MISSISSIPPI LEGISLATURE

2013 Regular Session

To: Insurance; Public Health and Human Services

By: Representative Howell

House Bill 301

(COMMITTEE SUBSTITUTE)

AN ACT TO DIRECT THE DEPARTMENT OF INSURANCE TO DEVELOP A UNIFORM PRIOR AUTHORIZATION FORM THAT MEETS CERTAIN CRITERIA; TO REQUIRE EVERY HEALTH INSURANCE ISSUER THAT PROVIDES PRESCRIPTION DRUG BENEFITS TO USE AND ACCEPT ONLY THE UNIFORM PRIOR AUTHORIZATION FORM DEVELOPED BY THE DEPARTMENT WHEN REQUIRING PRIOR AUTHORIZATION FOR COVERAGE OF PRESCRIPTION DRUG BENEFITS, AND REQUIRE EVERY HEALTH BENEFIT PLAN TO ACCEPT THE FORM AS SUFFICIENT TO REQUEST PRIOR AUTHORIZATION FOR PRESCRIPTION DRUG BENEFITS; TO PROVIDE THAT IF A HEALTH INSURANCE ISSUER FAILS TO USE OR ACCEPT THE UNIFORM PRIOR AUTHORIZATION FORM, OR FAILS TO RESPOND WITHIN TWO BUSINESS DAYS UPON RECEIPT OF A COMPLETED PRIOR AUTHORIZATION REQUEST FROM A PRESCRIBING PROVIDER, THE PRIOR AUTHORIZATION REQUEST WILL BE DEEMED TO HAVE BEEN GRANTED; AND FOR RELATED PURPOSES.

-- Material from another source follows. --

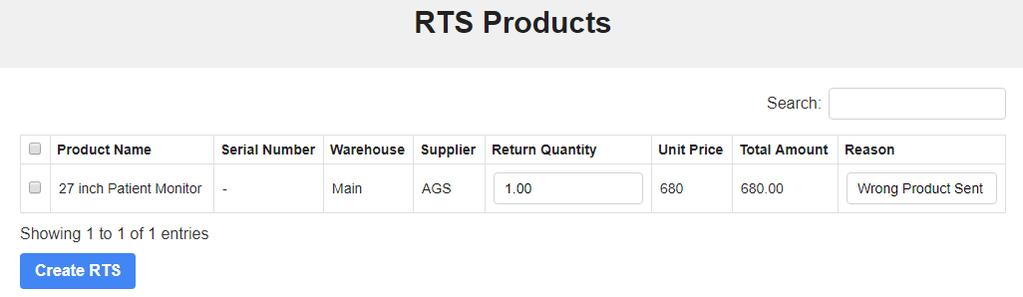 Generating RTS Once purchase order has been fulfilled, you can create RTS for the same. To create RTS go to the detail page of Purchase Order and click on Create RTS button.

     BE IT ENACTED BY THE LEGISLATURE OF THE STATE OF MISSISSIPPI:

     SECTION 1.   (1)  As used in this section:

     (a)  "Health benefit plan" means services consisting of medical care, provided directly, through insurance or reimbursement, or otherwise, and including items and services paid for as medical care under any hospital or medical service policy or certificate, hospital or medical service plan contract, preferred provider organization, or health maintenance organization contract offered by a health insurance issuer.

          (b)  "Health insurance issuer" means any entity that offers health insurance coverage through a health benefit plan, policy, or certificate of insurance subject to state law that regulates the business of insurance.  "Health insurance issuer" also includes a health maintenance organization, as defined and regulated under Section 83-41-301 et seq.

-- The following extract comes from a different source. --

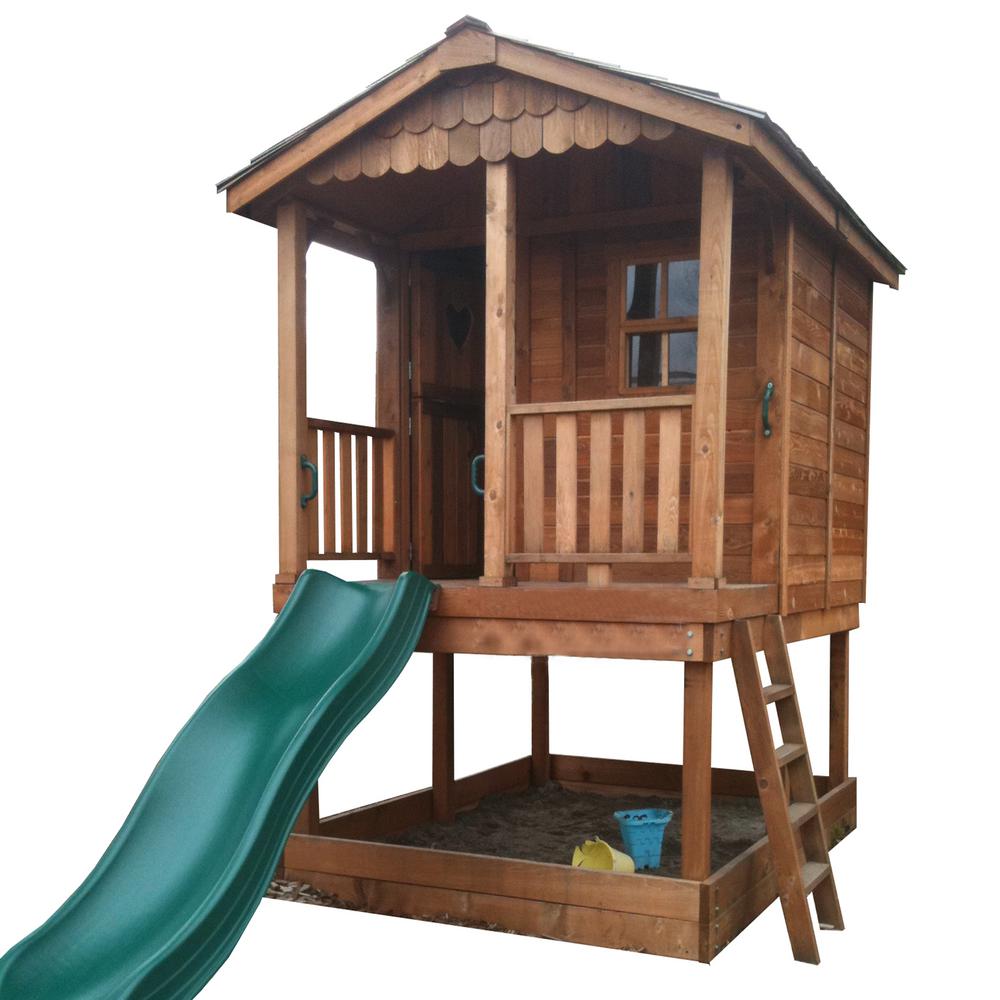 small outdoor playhouse with slide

          (c)  "Prior authorization" means a utilization management criterion used to seek permission or waiver of a drug to be covered under a health benefit plan that provides prescription drug benefits.

     (2)  On and after January 1, 2014, every health insurance issuer that provides prescription drug benefits shall use and accept only the uniform prior authorization form developed under subsection (4) of this section when requiring prior authorization for coverage of prescription drug benefits, and every health benefit plan shall accept the uniform prior authorization form as sufficient to request prior authorization for prescription drug benefits.

     (3)  If a health insurance issuer fails to use or accept the uniform prior authorization form, or fails to respond within two (2) business days upon receipt of a completed prior authorization request from a prescribing provider, with the submission of the uniform prior authorization form developed under subsection (4) of this section, the prior authorization request shall be deemed to have been granted.

     (4)  The Department of Insurance shall develop a uniform prior authorization form, which shall meet the following criteria:

          (a)  The form shall not exceed two (2) pages.

          (b)  The form shall be made available electronically by the Department of Insurance and the health benefit plan.

          (c)  The completed form also may be submitted electronically from the prescribing provider to the health benefit plan.

          (d)  The Department of Insurance shall develop the form with input from interested parties received at one or more public meetings.

          (e)  The Department of Insurance, in developing the standardized form, shall take into consideration the following:

              (i)  Existing prior authorization forms established by the federal Centers for Medicare and Medicaid Services and the Division of Medicaid.

              (ii)  National standards, or draft standards, pertaining to electronic prior authorization.

     SECTION 2.  This act shall take effect and be in force from and after July 1, 2013.